What we think < Becoming World Class
Companies have always used a bit of hyperbole in presenting its aims and objectives.

Statements of corporate position and ambition are unapologetically thrown about by sales teams as a way of getting potential customers to buy from them. The strategy was that by portraying the company as a market leader, the customer would feel as though they wanted to benefit from the association. The claim could usually be verified, though often it was based on an obscure bit of market demographic that made the company look good. “Hey, we may be seventh in the market overall but we’re # 1 in this bit”!

The trouble was that everybody knew it for what it was – sales talk. Nobody really bought into it (neither customers nor the company reps themselves) but in the absence of being truly great it was the best the company had to go with.

The irony was that the better the company was regarded, the less it needed to resort to hyperbole.

When selling the Financial Times as an advertising medium, we never had to resort to “we’re the number 1 business newspaper in the world”; our clients already knew the FT's position in the market and what it meant to be placing their advertising in the salmon pages.

This sales talk has evolved and can now be found in corporate mission statements; “world class” seems to be the big aim for many.
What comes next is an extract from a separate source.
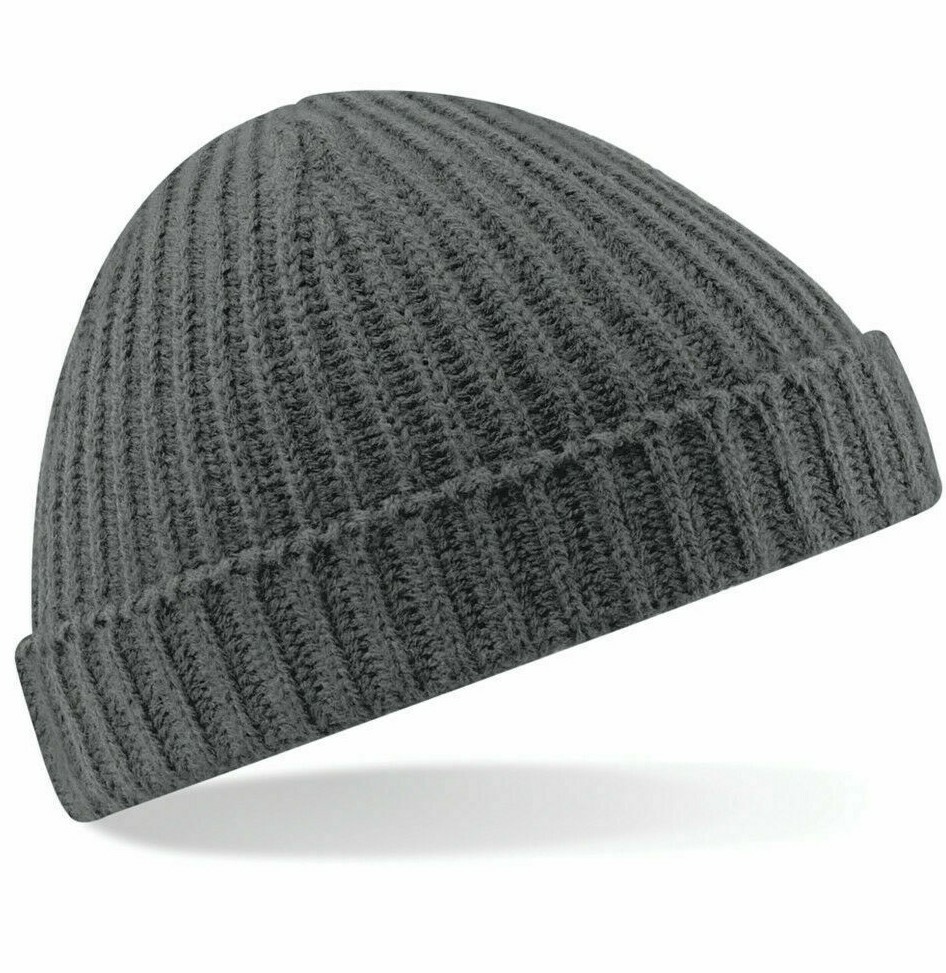 Mens Trawler Beanie Hat Wool Knit Ribbed Cuffed Fisherman Skateboard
Becoming “world class” does not happen just because the words appear on a company’s website; or are on each slide of the CEO’s annual presentation to staff. Becoming “world class”, or achieving any other corporate positioning definition, only happens over time by doing lots of little things great.

Manufacturing good products; providing good service; having good people and a positive internal working environment; being conscientious of others and adopting a professional and credible style of communicating with the outside world. Oh, and doing all of the above better than anybody else in your field.

There are only a handful of truly world class companies out there. Companies who reached the top of the ladder not because they had a stated aspiration to become world class, but because they ran all aspects of their businesses really well.

So, some advice to those who have world class transformation programmes and world class ambitions – concentrate on the business at hand instead.

World class is a very exclusive club. Your aim should be on being very good at all aspects of the business. After doing this consistently over time and motivating others to follow your model, if somebody wants to refer to you as world class then all the better.